Figure 7.22 displays the process for ensuring the data integrity for your server cluster.

Figure 7.22: Protecting Data from Failure or Disaster

Designing a Geographically Dispersed Cluster

Geographically dispersed server clusters ensure that a complete outage at one site does not cause a loss of access to the application being hosted. All nodes hosting an application must exist within the same cluster. Therefore, to provide fault tolerance, a single cluster spans multiple sites.

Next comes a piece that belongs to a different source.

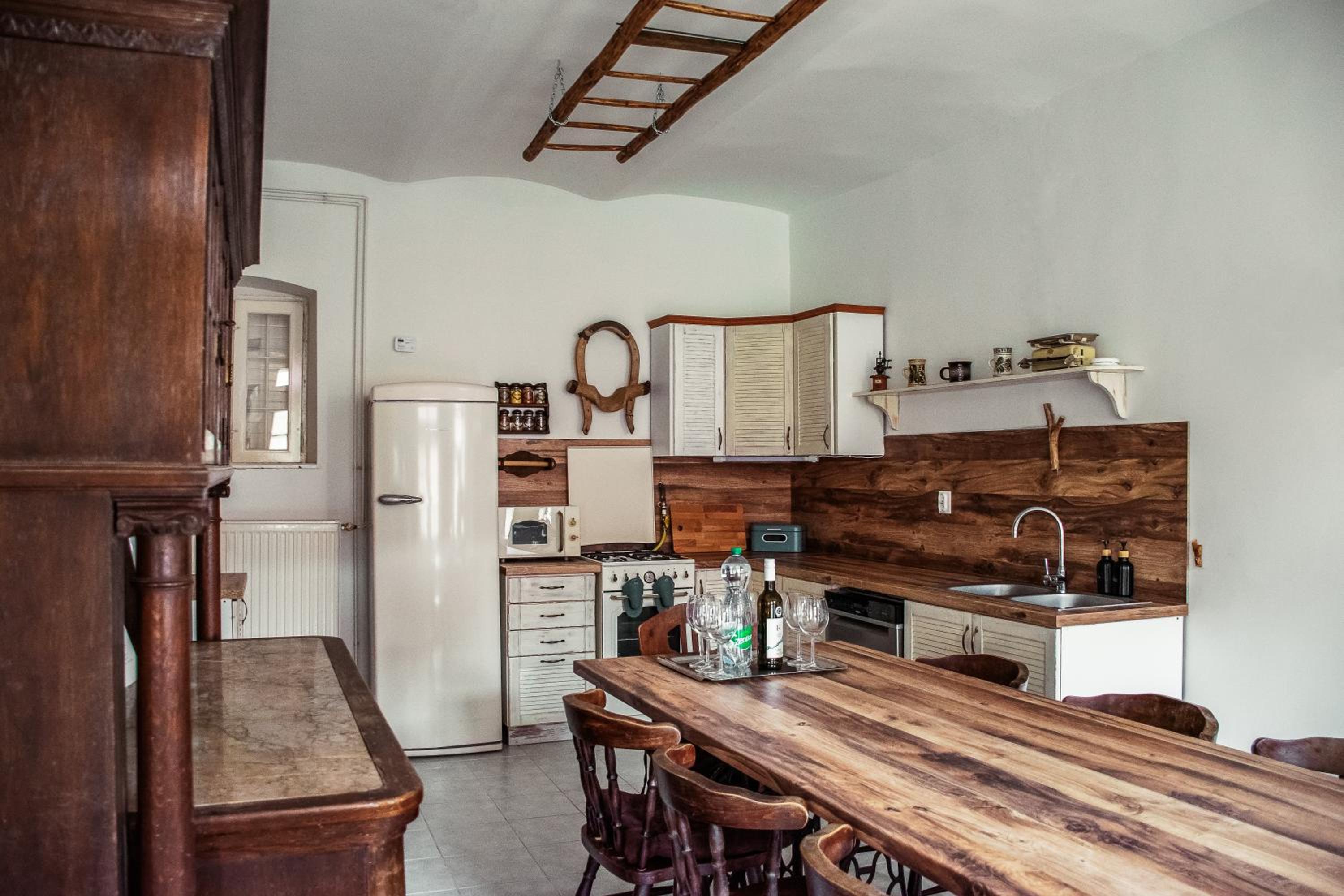 FüstiFecske Apartmanház
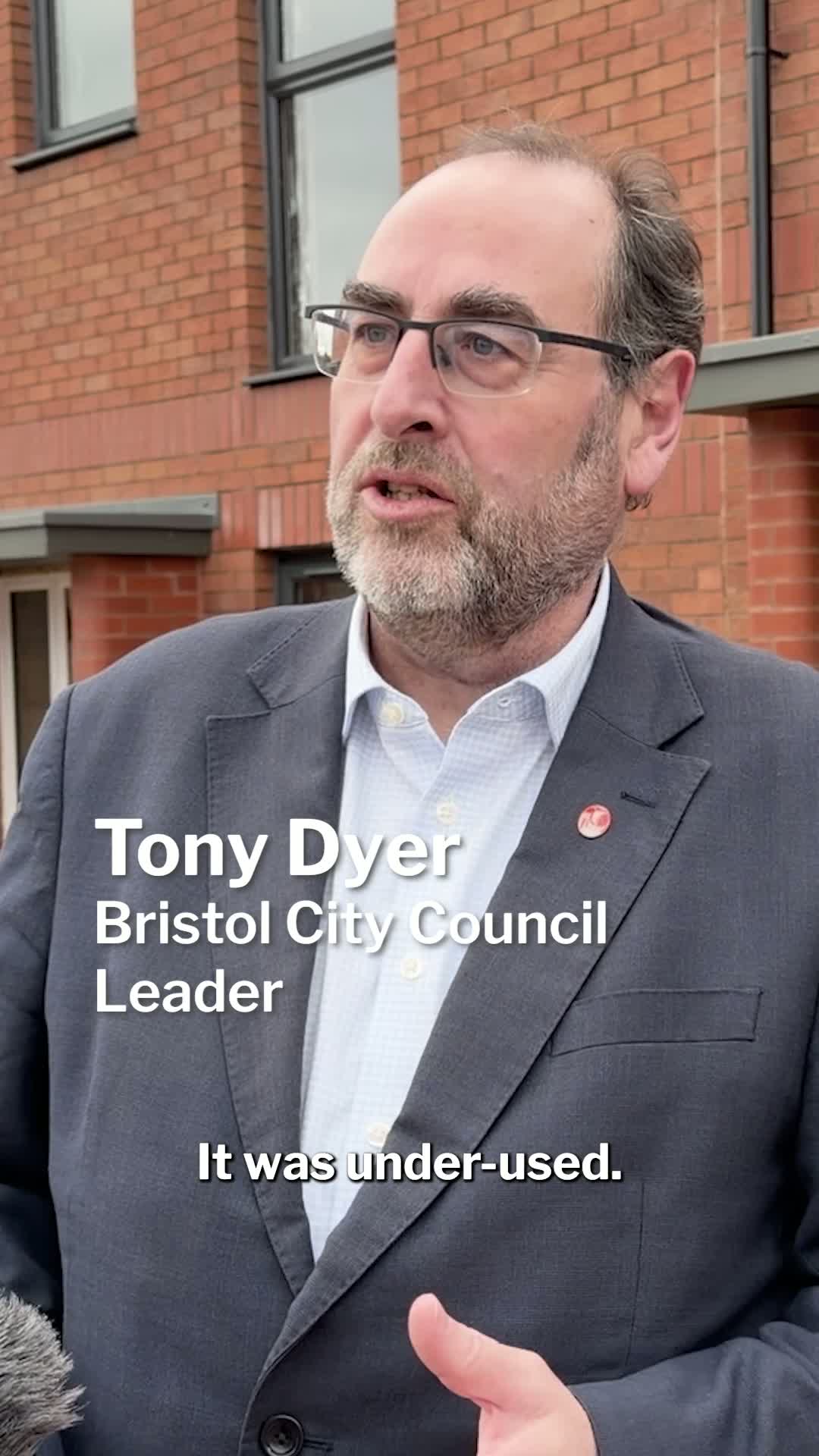 Bristol dropped affordable housing rule weeks after meeting major Temple Island developers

A geographically dispersed cluster requires multiple storage arrays, at least one in each site, to ensure that in the event of failure at one site, the remaining site will have local copies of the data. In addition, the nodes of a geographic cluster are connected to storage in such a way that when there is a failure at one site or a failure in communication between sites, the functioning nodes can still connect to storage at their own site. For example, in the simple two-site cluster configuration shown in Figure 7.23, the nodes in Site A are directly connected to the storage in Site A, so they can access data with no dependencies on Site B.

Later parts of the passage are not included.